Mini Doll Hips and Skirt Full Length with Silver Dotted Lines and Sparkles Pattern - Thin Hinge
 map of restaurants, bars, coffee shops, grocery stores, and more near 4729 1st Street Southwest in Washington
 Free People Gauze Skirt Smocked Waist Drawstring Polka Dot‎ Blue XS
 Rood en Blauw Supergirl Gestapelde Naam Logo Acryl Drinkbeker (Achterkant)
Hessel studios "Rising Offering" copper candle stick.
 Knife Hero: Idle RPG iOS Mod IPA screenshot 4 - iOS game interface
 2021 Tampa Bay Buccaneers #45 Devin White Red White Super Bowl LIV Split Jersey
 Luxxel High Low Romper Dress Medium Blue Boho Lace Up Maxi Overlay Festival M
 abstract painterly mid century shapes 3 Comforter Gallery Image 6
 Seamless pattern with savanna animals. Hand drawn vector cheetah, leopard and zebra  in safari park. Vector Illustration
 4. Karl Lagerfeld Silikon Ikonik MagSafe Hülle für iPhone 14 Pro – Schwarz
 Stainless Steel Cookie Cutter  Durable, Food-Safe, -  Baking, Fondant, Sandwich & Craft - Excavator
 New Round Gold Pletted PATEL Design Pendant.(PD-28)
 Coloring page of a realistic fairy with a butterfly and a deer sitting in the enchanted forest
—————
[Exercise objective]
Which lines of the data above contain "with"? Copy each one.

[Answer space]
Mini Doll Hips and Skirt Full Length with Silver Dotted Lines and Sparkles Pattern - Thin Hinge
 Seamless pattern with savanna animals. Hand drawn vector cheetah, leopard and zebra  in safari park. Vector Illustration
 Coloring page of a realistic fairy with a butterfly and a deer sitting in the enchanted forest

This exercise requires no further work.